(Collection entries)

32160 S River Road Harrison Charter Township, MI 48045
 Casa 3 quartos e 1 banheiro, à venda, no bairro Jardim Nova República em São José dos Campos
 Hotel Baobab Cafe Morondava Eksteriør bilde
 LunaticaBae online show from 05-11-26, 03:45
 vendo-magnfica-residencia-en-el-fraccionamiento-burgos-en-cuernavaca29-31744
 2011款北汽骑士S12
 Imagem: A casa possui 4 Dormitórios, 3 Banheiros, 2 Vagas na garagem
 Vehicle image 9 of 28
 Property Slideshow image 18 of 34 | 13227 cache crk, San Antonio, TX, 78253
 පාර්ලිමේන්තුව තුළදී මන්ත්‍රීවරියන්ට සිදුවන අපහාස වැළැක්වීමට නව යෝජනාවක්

**WHAT IS EXPECTED:** Reproduce exactly the lines from the one containing "Imagem: A casa" through the last line of the records above, including both, and nothing else.

**ANSWER BOX:**
 Imagem: A casa possui 4 Dormitórios, 3 Banheiros, 2 Vagas na garagem
 Vehicle image 9 of 28
 Property Slideshow image 18 of 34 | 13227 cache crk, San Antonio, TX, 78253
 පාර්ලිමේන්තුව තුළදී මන්ත්‍රීවරියන්ට සිදුවන අපහාස වැළැක්වීමට නව යෝජනාවක්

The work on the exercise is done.